### Supplied material
=-=-=-=-=

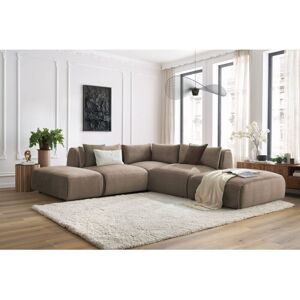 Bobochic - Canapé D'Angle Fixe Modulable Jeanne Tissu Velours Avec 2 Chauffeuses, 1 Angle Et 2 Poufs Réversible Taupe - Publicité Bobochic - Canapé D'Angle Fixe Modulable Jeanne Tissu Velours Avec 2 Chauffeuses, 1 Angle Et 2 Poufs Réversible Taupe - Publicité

=-=-=-=-=

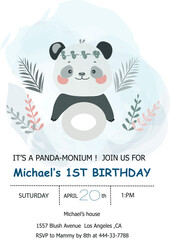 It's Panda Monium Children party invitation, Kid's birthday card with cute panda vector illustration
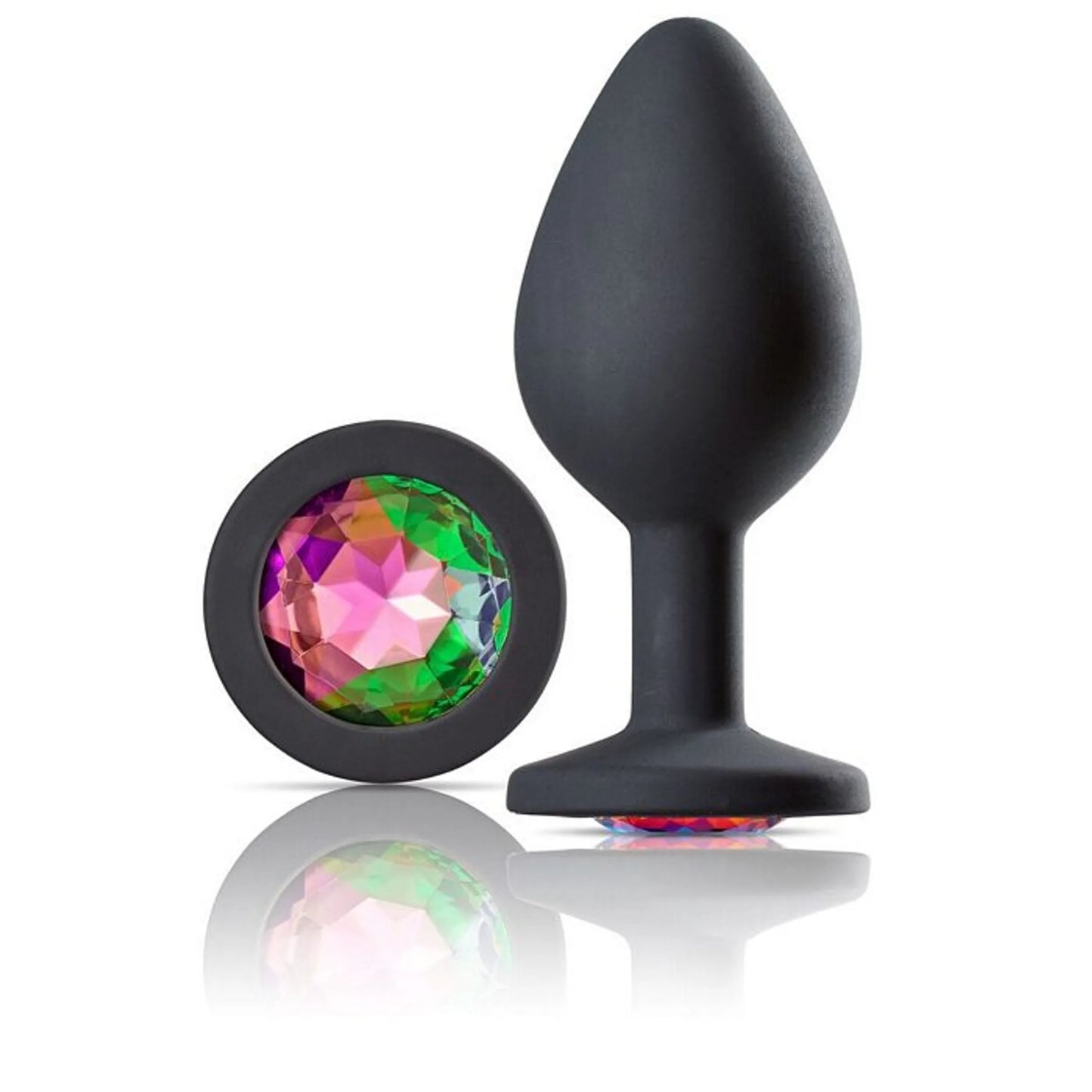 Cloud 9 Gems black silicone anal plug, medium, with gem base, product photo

=-=-=-=-=

### What is needed
Once the line with "It's Panda Monium" is found above, print it and every line after it through the line with "Cloud 9 Gems", exactly. Pictures stay out.

### Written answer
 It's Panda Monium Children party invitation, Kid's birthday card with cute panda vector illustration
 Cloud 9 Gems black silicone anal plug, medium, with gem base, product photo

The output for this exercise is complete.